As many of you know (if you read the About Me section), the beer that turned me from a craft beer drinker to a craft beer fanatic was Heady Topper by The Alchemist. Heady Topper is known as the original “New England Style IPA” (or Vermont IPA…depending on how much you care about labels). There are many people out there who love the “hazy” IPAs, and many who absolutely despise them- I’m part of the former. The New England style IPA is known for being an opaque color, with a softer bitterness compared to a traditional IPA, and bursting with citrus and tropical fruit flavors derived from the hops. Tree House Brewing Company is one of the up-and-coming breweries that has not only joined the hazy IPA trend, but they are among those leading the charge (in a very big way for that matter). I hate waiting in lines for beer, but there are some beers that are deserving of the lines they generate (short story: I sucked it up). Here is my take on one of their many hop forward beers: Green. Check it out:
Beer Name: Green
Brewery: Tree House Brewing Company
Brewery Location: Monson, MA
Beer Style: IPA
Green pours an opaque light-orange color with a creamy white head. Actually opaque doesn’t do the description justice. It’s like somebody took orange juice and added milk to it- that’s the appearance. In short: it looks like a New England style IPA.
Orange, grassy, mango, and other tropical fruits.
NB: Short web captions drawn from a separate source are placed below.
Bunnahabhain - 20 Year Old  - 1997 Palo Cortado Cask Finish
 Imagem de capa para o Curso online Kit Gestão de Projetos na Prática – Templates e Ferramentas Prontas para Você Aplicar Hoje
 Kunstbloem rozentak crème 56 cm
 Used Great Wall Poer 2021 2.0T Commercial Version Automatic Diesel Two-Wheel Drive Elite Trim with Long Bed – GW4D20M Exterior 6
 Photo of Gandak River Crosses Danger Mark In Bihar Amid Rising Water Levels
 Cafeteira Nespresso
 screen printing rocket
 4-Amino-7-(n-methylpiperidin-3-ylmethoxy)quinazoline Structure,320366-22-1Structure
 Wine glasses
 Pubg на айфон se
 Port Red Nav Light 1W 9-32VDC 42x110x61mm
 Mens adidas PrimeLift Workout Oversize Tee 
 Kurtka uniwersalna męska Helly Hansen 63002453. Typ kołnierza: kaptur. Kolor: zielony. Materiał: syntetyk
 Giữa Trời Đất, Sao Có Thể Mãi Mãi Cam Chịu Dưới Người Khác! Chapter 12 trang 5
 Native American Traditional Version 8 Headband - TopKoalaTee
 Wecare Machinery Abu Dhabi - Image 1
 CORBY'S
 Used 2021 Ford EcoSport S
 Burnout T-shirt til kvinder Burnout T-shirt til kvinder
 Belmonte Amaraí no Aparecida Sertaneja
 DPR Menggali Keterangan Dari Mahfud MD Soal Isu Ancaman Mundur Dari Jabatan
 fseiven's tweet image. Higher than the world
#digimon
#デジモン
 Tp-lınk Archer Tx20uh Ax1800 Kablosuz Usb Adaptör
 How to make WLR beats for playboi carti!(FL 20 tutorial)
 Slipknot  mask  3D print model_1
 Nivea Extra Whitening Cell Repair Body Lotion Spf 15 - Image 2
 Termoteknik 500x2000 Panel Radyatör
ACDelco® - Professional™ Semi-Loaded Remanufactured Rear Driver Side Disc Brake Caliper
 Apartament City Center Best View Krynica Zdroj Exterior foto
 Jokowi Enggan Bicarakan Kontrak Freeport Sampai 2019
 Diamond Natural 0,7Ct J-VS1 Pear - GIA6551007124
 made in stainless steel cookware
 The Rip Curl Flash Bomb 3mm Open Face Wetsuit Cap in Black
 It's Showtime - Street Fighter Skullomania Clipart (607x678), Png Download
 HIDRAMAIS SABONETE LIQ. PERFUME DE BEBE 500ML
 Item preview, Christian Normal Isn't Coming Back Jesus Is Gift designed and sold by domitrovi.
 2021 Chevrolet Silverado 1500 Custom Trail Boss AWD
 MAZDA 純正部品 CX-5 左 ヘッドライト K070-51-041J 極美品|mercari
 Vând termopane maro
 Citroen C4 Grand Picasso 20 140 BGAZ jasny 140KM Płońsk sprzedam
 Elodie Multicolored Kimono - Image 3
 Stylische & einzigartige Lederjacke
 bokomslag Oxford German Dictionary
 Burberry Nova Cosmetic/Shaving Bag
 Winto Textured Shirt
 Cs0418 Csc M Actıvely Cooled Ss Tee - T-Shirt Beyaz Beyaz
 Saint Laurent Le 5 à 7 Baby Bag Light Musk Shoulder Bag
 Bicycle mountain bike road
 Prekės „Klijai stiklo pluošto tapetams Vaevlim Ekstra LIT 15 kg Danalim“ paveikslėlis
The hop character of this beer is really, really pungent.
Taste & Aftertaste
Traditional to the New England IPA style, this beer has a creamy mouthfeel without being too sweet. Up front, the bitterness is soft and smooth- which is in contrast to traditional IPAs that are less afraid of a sharper bitterness. The hop flavor of this beer is pretty consistent with its aroma- I picked up some pineapple, mango, and tropical fruits with a bitter, grassy finish (almost like fresh lawn clippings). Uber fans of this beer style will call them “juicy”- referring to the combination of the creamy mouthfeel paired with the intense fruit flavors (it’s like drinking juice). In that respect, I will call this beer “juicy”, but know that I despise the term because it’s overused now and it really doesn’t tell you anything about the specifics of the beer’s actual flavor. Moving on.
The bitterness lingers in the aftertaste some (like one might expect), but it’s not remotely harsh or unpleasant. The one critique I have of this beer is that there is a slight bite/burn on the back corners of my palate in the aftertaste of this beer that I don’t typically attribute to hop bitterness or high alcohol burn. Some might say that this is a “yeast bite” (some New England style IPAs allegedly have yeast still in suspension- giving it its signature hazy appearance, but consequentially also a slight burn/bite). That said: I did not look at this beer under a microscope, so I am not saying with any certainty why I perceive this quality (I’m a drinker, not a scientist dammit). We can leave this note open for debate.
What we have here is the epitome of the New England style IPA- a murky, silky-smooth IPA bursting with citrusy and tropical-fruity hop characteristics. I absolutely love this beer, and it’s one of my favorite IPAs. This beer is absolutely stellar, and I can easily understand why Tree House has long lines every single day that they are open for business. Tree House has not merely followed in the footsteps of the Alchemist, they have made the New England style IPA all their own and are now among the shining examples of the style. If you have the patience to wait in a long line, and you’re in the area on a release date… Get. This. Beer.